⟨
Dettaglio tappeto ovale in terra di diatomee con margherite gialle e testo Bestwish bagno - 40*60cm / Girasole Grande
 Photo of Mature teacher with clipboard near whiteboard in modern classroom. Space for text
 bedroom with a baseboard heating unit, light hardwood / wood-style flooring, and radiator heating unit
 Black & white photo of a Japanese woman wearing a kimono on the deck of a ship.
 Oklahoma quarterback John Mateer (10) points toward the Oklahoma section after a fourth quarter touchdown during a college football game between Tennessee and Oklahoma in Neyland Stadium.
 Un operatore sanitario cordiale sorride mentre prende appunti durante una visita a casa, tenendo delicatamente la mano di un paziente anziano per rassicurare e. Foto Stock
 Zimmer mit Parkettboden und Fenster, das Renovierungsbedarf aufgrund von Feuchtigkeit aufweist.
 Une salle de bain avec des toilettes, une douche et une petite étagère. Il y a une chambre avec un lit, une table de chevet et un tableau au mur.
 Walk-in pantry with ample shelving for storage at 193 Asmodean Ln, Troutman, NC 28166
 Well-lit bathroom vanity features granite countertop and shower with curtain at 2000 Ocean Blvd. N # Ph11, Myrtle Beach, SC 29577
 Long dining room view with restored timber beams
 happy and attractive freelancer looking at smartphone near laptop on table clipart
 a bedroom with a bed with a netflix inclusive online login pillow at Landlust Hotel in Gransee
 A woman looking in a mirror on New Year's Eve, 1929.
⟩
Exercise:
Every record in the listing above is to be copied exactly.

Answer space:
Dettaglio tappeto ovale in terra di diatomee con margherite gialle e testo Bestwish bagno - 40*60cm / Girasole Grande
 Photo of Mature teacher with clipboard near whiteboard in modern classroom. Space for text
 bedroom with a baseboard heating unit, light hardwood / wood-style flooring, and radiator heating unit
 Black & white photo of a Japanese woman wearing a kimono on the deck of a ship.
 Oklahoma quarterback John Mateer (10) points toward the Oklahoma section after a fourth quarter touchdown during a college football game between Tennessee and Oklahoma in Neyland Stadium.
 Un operatore sanitario cordiale sorride mentre prende appunti durante una visita a casa, tenendo delicatamente la mano di un paziente anziano per rassicurare e. Foto Stock
 Zimmer mit Parkettboden und Fenster, das Renovierungsbedarf aufgrund von Feuchtigkeit aufweist.
 Une salle de bain avec des toilettes, une douche et une petite étagère. Il y a une chambre avec un lit, une table de chevet et un tableau au mur.
 Walk-in pantry with ample shelving for storage at 193 Asmodean Ln, Troutman, NC 28166
 Well-lit bathroom vanity features granite countertop and shower with curtain at 2000 Ocean Blvd. N # Ph11, Myrtle Beach, SC 29577
 Long dining room view with restored timber beams
 happy and attractive freelancer looking at smartphone near laptop on table clipart
 a bedroom with a bed with a netflix inclusive online login pillow at Landlust Hotel in Gransee
 A woman looking in a mirror on New Year's Eve, 1929.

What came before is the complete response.